**TASK DIRECTIONS**
Print, in exact form, the lines below from the one containing "silberne verzierte hohe Sneakers von Versace" through the one containing "Davie, Florida Midnight", and omit all others.

**DATA LISTING**
•••••
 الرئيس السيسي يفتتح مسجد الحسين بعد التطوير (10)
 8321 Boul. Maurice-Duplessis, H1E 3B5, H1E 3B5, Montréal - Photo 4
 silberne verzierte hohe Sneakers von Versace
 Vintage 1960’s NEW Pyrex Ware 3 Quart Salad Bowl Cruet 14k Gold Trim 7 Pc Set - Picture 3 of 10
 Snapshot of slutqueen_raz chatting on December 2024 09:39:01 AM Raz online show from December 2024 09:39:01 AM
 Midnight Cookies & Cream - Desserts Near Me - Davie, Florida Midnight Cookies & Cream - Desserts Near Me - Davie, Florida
•••••
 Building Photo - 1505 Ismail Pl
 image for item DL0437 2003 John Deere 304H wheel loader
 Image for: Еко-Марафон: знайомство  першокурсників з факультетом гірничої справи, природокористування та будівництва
•••••
**WRITTEN RESPONSE**
 silberne verzierte hohe Sneakers von Versace
 Vintage 1960’s NEW Pyrex Ware 3 Quart Salad Bowl Cruet 14k Gold Trim 7 Pc Set - Picture 3 of 10
 Snapshot of slutqueen_raz chatting on December 2024 09:39:01 AM Raz online show from December 2024 09:39:01 AM
 Midnight Cookies & Cream - Desserts Near Me - Davie, Florida Midnight Cookies & Cream - Desserts Near Me - Davie, Florida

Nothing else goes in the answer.